WHAT YOU NEED TO DO:
Restate the listing below word for word; no pictures belong in the copy.

INFORMATION PROVIDED:

────────

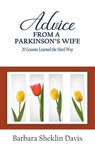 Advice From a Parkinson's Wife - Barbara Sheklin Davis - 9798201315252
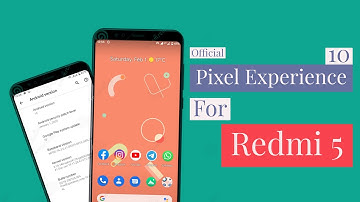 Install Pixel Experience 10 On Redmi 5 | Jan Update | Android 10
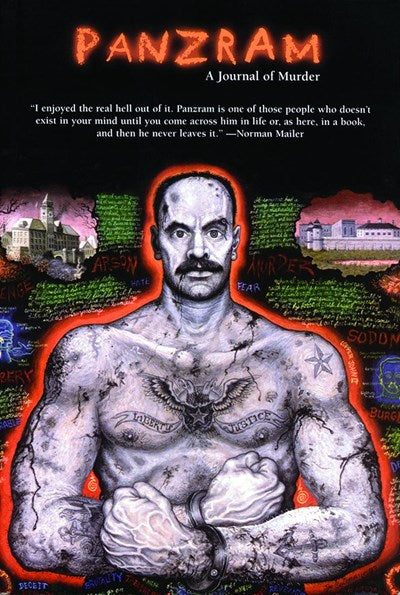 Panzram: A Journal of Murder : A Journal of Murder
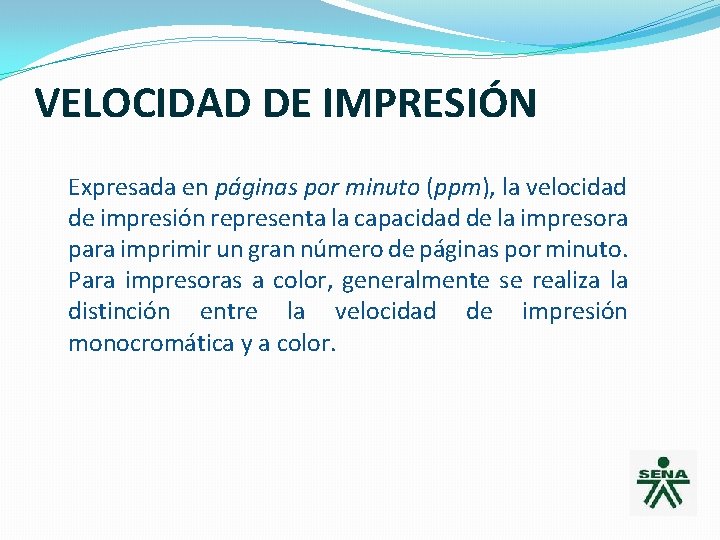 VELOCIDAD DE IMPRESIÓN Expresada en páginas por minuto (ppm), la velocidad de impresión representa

────────

RESPONSE TO THE TASK:
 Advice From a Parkinson's Wife - Barbara Sheklin Davis - 9798201315252
 Install Pixel Experience 10 On Redmi 5 | Jan Update | Android 10
 Panzram: A Journal of Murder : A Journal of Murder
 VELOCIDAD DE IMPRESIÓN Expresada en páginas por minuto (ppm), la velocidad de impresión representa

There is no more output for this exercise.